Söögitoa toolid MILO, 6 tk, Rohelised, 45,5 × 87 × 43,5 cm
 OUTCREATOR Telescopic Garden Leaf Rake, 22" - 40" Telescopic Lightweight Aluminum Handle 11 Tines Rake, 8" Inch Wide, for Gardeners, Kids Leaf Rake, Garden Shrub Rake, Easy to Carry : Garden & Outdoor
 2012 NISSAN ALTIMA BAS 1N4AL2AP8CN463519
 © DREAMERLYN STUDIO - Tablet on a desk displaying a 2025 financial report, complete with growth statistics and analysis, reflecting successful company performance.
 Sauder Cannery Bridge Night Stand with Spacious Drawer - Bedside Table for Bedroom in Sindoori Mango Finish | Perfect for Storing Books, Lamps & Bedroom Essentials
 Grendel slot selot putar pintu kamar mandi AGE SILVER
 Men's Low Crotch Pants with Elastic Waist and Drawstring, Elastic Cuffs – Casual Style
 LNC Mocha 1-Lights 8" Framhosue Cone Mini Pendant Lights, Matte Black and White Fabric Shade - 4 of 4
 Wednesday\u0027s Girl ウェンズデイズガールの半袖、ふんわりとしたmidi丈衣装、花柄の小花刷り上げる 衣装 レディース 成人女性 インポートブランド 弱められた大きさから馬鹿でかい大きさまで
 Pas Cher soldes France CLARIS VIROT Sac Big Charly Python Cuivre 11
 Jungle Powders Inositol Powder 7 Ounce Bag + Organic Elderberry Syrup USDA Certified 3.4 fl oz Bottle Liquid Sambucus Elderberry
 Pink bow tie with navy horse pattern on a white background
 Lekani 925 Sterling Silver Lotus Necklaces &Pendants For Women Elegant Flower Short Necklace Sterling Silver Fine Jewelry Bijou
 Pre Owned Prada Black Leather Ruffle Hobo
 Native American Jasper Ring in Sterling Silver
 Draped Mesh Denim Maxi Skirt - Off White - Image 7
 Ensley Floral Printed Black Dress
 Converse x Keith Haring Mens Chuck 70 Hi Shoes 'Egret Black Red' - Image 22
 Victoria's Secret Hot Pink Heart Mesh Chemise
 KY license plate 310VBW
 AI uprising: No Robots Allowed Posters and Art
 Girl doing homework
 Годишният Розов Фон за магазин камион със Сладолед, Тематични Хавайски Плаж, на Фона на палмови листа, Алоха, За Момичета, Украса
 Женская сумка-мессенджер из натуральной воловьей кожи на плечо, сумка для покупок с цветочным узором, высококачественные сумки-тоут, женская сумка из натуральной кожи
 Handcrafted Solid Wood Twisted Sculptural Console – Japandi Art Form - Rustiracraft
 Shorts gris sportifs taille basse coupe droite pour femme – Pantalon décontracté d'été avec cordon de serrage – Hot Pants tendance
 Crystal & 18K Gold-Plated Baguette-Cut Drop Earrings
▬▬▬▬▬▬▬▬▬▬
◆ **TASK DESCRIPTION**:
Everything in the listing above should be duplicated exactly.

◆ **THE ANSWER**:
Söögitoa toolid MILO, 6 tk, Rohelised, 45,5 × 87 × 43,5 cm
 OUTCREATOR Telescopic Garden Leaf Rake, 22" - 40" Telescopic Lightweight Aluminum Handle 11 Tines Rake, 8" Inch Wide, for Gardeners, Kids Leaf Rake, Garden Shrub Rake, Easy to Carry : Garden & Outdoor
 2012 NISSAN ALTIMA BAS 1N4AL2AP8CN463519
 © DREAMERLYN STUDIO - Tablet on a desk displaying a 2025 financial report, complete with growth statistics and analysis, reflecting successful company performance.
 Sauder Cannery Bridge Night Stand with Spacious Drawer - Bedside Table for Bedroom in Sindoori Mango Finish | Perfect for Storing Books, Lamps & Bedroom Essentials
 Grendel slot selot putar pintu kamar mandi AGE SILVER
 Men's Low Crotch Pants with Elastic Waist and Drawstring, Elastic Cuffs – Casual Style
 LNC Mocha 1-Lights 8" Framhosue Cone Mini Pendant Lights, Matte Black and White Fabric Shade - 4 of 4
 Wednesday\u0027s Girl ウェンズデイズガールの半袖、ふんわりとしたmidi丈衣装、花柄の小花刷り上げる 衣装 レディース 成人女性 インポートブランド 弱められた大きさから馬鹿でかい大きさまで
 Pas Cher soldes France CLARIS VIROT Sac Big Charly Python Cuivre 11
 Jungle Powders Inositol Powder 7 Ounce Bag + Organic Elderberry Syrup USDA Certified 3.4 fl oz Bottle Liquid Sambucus Elderberry
 Pink bow tie with navy horse pattern on a white background
 Lekani 925 Sterling Silver Lotus Necklaces &Pendants For Women Elegant Flower Short Necklace Sterling Silver Fine Jewelry Bijou
 Pre Owned Prada Black Leather Ruffle Hobo
 Native American Jasper Ring in Sterling Silver
 Draped Mesh Denim Maxi Skirt - Off White - Image 7
 Ensley Floral Printed Black Dress
 Converse x Keith Haring Mens Chuck 70 Hi Shoes 'Egret Black Red' - Image 22
 Victoria's Secret Hot Pink Heart Mesh Chemise
 KY license plate 310VBW
 AI uprising: No Robots Allowed Posters and Art
 Girl doing homework
 Годишният Розов Фон за магазин камион със Сладолед, Тематични Хавайски Плаж, на Фона на палмови листа, Алоха, За Момичета, Украса
 Женская сумка-мессенджер из натуральной воловьей кожи на плечо, сумка для покупок с цветочным узором, высококачественные сумки-тоут, женская сумка из натуральной кожи
 Handcrafted Solid Wood Twisted Sculptural Console – Japandi Art Form - Rustiracraft
 Shorts gris sportifs taille basse coupe droite pour femme – Pantalon décontracté d'été avec cordon de serrage – Hot Pants tendance
 Crystal & 18K Gold-Plated Baguette-Cut Drop Earrings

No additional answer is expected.